Voices of the Landscape Plenary

Conference Room 2

This plenary session represents a first. It is the first time in the five-year history of the Global Landscapes Forum that community members and/or their representatives have constituted a plenary session. The aim is to amplify community voices in global policy debates.

A short, three minute film on landscape restoration in Burkina Faso will kick off the session, which will subsequently shine a light on the efforts of communities, some of them decades-long, in restoring degraded forests and landscapes. Participants will present key achievements, factors enabling such achievement and key opportunities for landscape restoration going forward. In particular, the meaning of “success” from the perspective of communities will be probed. Discussions will also focus on measures for scaling up community initiatives within and across settings.

 

Key questions
1. What are the key insights from your story that others can learn from?
2. What is next, how do we scale up to something large and impactful – creating a mass movement across the continent?

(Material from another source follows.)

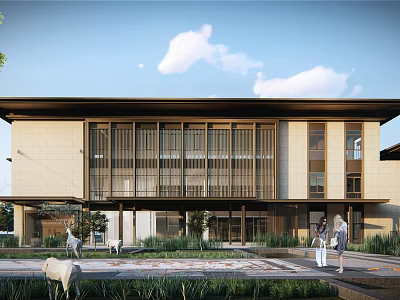 Modern Hotel Building With Large Glass Windows Light Colored Exterior Courtyard And Greenery 3d model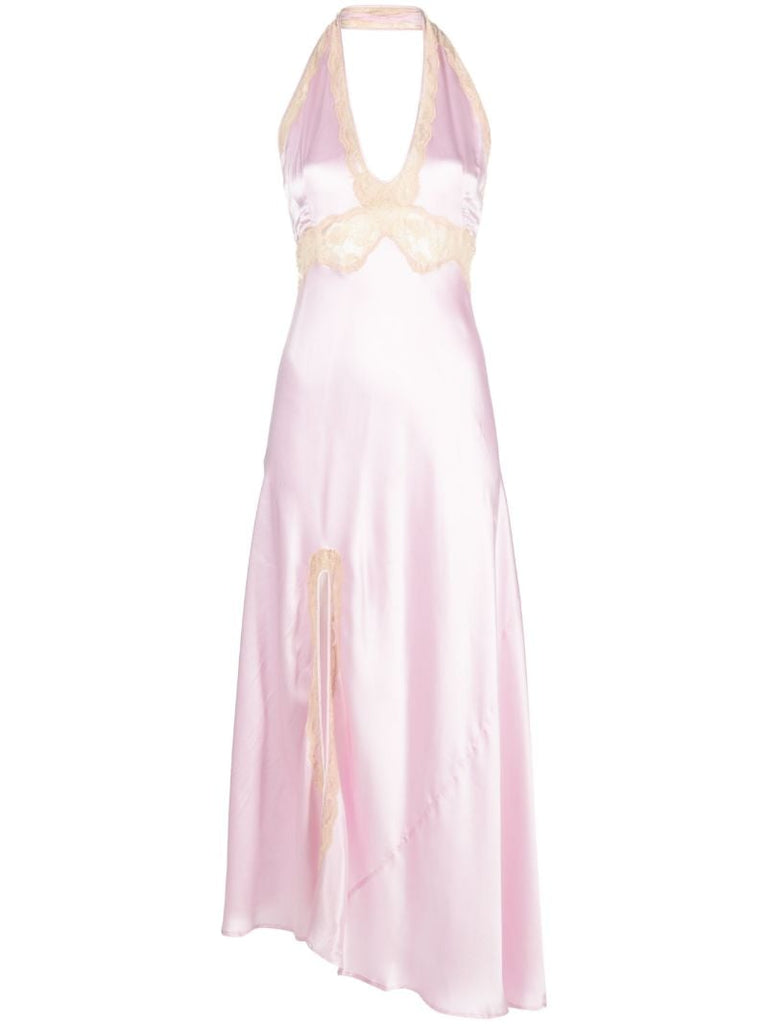Pink Flora Lace Trim Silk Slip Dress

Our esteemed group of panelists represents different ethnicities, gender, production systems and ecologies:

  • Haidar El Ali coordinated the world’s largest mangrove restoration project. He was also Senegal’s minister of Environment and later became Senegal’s Minister of Fisheries.
  • Daniel Kobei heads the Ogiek People’s Development Program based in the Mau forest in Kenya. He led a long, grueling and eventually successful fight for the tenure rights of the indigenous Ogiek people.
  • Zipporah Matumbi began her successful journey in activism and forest restoration in Kenya by lobbying and organizing against the dumping of garbage in forests. She was subsequently elected to lead community forestry organizations where she initiated and supported forest restoration.
  • Concepta Mukasa is an NGO activist from Uganda who has focused on strengthening women’s rights to trees and forests, using this as an entry point for their involvement in restoration activities on and off farm.
  • Lassane Zorome is a Burkinabe farmer who has engaged in landscape restoration for more than two decades. His efforts to restore degraded lands in his community improved tree cover to the point where people could no longer see houses from surrounding neighborhoods. Because Mr. Zorome is unable to attend the GLF, he will be represented by Mr. Serge Zoubga, an NGO practitioner.
  • Esther Mwangi, Principal Scientist at CIFOR and Team Leader of the Nairobi Hub will moderate the plenary session.